Attribution des licences de pêche- Paiement des redevances : Les révélations de la Cour des comptes
L’attribution des licences de pêche obéit à une procédure qui fait intervenir plusieurs acteurs. A côté de la Direction des Pêches maritimes (DPM) , qui pilote la procédure, interviennent la Direction de la Protection et de la Surveillance maritime (DPSP) et l’Agence nationale desbAffaires maritimes (ANAM) qui sont chargées, entre autres, de remplir et de viser la fiche de contrôle préalable à la délivrance de la licence. Participent également à la procédure, en qualité de membres de la commission consultative d’attribution des licences, la Direction des Industries et de la Transformation des Produits de la Pêche (DITP), le Centre de Recherche océanographique de Dakar Thiaroye (CRODT), le Groupement des Armateurs et Industriels Contrôle de la gestion des licences de pêche (2010–2016) et l’Union patronale des Mareyeurs Exportateurs du Sénégal (UPAMES). Dans son rapport définitif sur le « Contrôle de la gestion des licences de pêche » dans la période allant de 2010 à 2016, la Cour des comptes a observé des irrégularités.

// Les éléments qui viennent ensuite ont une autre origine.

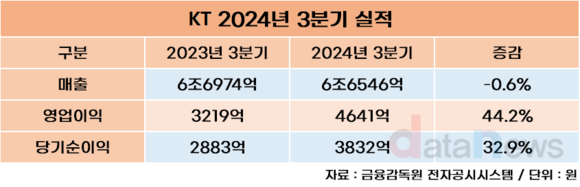 KT, 3분기 영업이익 4641억…전년 대비 44.2%↑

D’abord dans l’obtention des licences de pêches, la Cour qui a examiné les dossiers de demande de licence, a fait « ressortir que des piéces sont manquants et que certains documents n’offrent pas toutes les garaties de régularités ».

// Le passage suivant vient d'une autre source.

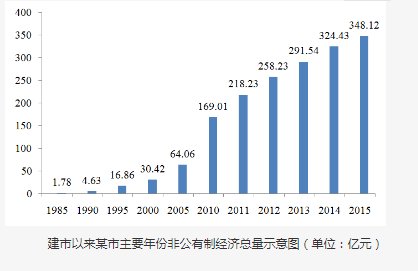 行测,历年真题,2016年1204四川省公务员考试《行测》真题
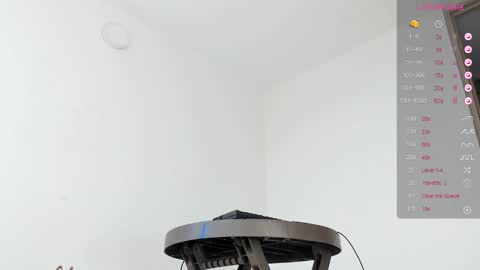 Snapshot of pretur_crubaa chatting on 18, 1, 2025 PRETUR online show from 18, 1, 2025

Elle a aussi relevé « une prorogation irrégulière des actes de nationalités provisoirs » qui est une obligation pour l’obtention ou le renouvellement de la licence. La Cour parle d’une « violation des dispositions du Code de la marine marchande ».
Situation des redevances dues et des versements effectifs pour les licences accordées entre 2010 et 2016.
Dans son rapport, la Cour constate une redevance impayée de 782 003 562 millions F Cfa.
Ainsi, au lieu de cinq milliards sept cent trente et un millions cinq cent quarante-neuf mille
trois cent vingt-deux (5 731 549 322) francs CFA, il n’a été liquidé par la DPM que la somme
de quatre milliards neuf cent quarante-neuf millions cinq cent quarante-cinq mille sept cent
soixante et un (4 949 545 761) francs CFA, soit 86,35 % du montant total effectif à verser. Il
en découle un écart de sept cent quatre-vingt-deux millions trois mille cinq cent soixante et un
(782 003 561) francs CFA entre les redevances à payer et les versements effectifs », informe la note.
La Cour rappelle que « les redevances représentent la contrepartie du droit d’accès à la mer concédé aux navires et constituent des recettes publiques qui alimentent le budget national ».
Par conséquent, regrette la Cour, « la mauvaise liquidation de ces redevances induit ainsi un important manque à gagner pour l’Etat ».
Pis, « ceci impacte également les intérêts de la Caisse d’Encouragement de la Pêche industrielle et artisanale (CEPIA) et de l’Agence de Gestion et de Coopération entre le Sénégal et la Guinée
Bissau (AGC) qui subissent ainsi une diminution de leurs recettes potentielles, du fait qu’une
partie des redevances leur est reversée selon la clé de répartition suivante : 95% Etat et
CEPIA (respectivement pour 1/3 et 2/3) et 5% pour l’AGC ».
Le directeur des pêches maritimes, Mamadou Goudiaby explique que « cette liquidation incomplète par le fait que ses services ne facturent pas toute la période de validité des licences en cause lorsque des repos biologiques y sont observés. Ainsi, il est procédé à une soustraction d’une valeur égale à 1/12 ou 1/6 selon que la licence est annuelle ou semestrielle.
Pour M. Ousmane Ndiaye, ancien DPM ( Directeur des Pêches Maritimes), « les écarts pourraient être justifiés par l’existence de doublons mais également la prise en compte des repos biologiques ».
Cependant, la Cour considère que l’octroi de licence, tout comme la liquidation de la
redevance y afférente, ne sont pas subordonnés à la durée effective d’exercice de l’activité halieutique. La législation sénégalaise ne retient que la licence semestrielle ou annuelle indépendamment de la période de délivrance et du type de pêche qui se pratique selon les
espèces sur une période plus ou moins courte par rapport à la durée de la licence ».
Des lors, ajoute le document, » l’adoption du repos biologique, qui constitue une mesure de gestion du secteur qui vise notamment à améliorer les conditions d’exercice de la pêche pour les attributaires de licences, ne saurait servir de prétexte pour réduire le montant des redevances à payer par ces derniers ».
En conclusion, la Cour recommande « au directeur de la DPM de procéder à la liquidation complète des montants des redevances indépendamment des mesures de gestion du secteur, comme le repos biologique, qui pourraient être prises par les autorités ».